* **Materials provided**
--

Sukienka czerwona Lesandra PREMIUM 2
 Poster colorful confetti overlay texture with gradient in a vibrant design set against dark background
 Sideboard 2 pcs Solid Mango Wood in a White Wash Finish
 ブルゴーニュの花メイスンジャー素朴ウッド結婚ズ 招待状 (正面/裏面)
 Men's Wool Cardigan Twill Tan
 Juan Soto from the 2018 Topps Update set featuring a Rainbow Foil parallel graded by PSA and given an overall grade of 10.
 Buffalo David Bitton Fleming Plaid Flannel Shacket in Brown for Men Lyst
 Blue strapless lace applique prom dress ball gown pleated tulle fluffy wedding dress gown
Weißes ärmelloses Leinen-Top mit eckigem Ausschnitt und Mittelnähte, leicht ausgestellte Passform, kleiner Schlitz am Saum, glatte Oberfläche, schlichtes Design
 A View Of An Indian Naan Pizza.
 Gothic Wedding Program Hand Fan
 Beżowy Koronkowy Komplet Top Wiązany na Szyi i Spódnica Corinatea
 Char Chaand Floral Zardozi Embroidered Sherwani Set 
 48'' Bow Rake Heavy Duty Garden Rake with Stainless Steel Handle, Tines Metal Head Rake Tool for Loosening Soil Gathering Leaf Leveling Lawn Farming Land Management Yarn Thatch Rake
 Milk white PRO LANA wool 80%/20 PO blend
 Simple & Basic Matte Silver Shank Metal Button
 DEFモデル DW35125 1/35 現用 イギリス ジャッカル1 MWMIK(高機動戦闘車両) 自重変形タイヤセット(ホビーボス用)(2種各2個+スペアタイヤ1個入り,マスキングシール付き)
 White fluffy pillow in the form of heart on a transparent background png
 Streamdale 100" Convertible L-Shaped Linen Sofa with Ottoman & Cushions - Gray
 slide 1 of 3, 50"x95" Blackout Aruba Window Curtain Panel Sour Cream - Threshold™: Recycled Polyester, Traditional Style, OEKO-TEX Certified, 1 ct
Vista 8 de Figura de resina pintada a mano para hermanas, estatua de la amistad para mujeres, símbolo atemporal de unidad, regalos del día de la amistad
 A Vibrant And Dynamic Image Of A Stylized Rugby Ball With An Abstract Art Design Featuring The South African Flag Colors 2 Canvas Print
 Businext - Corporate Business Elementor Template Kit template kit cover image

--

* **What is being asked**
Across the listing above, find each line that holds the word "fluffy". Give only how many there are.

* **Exercise answer**
2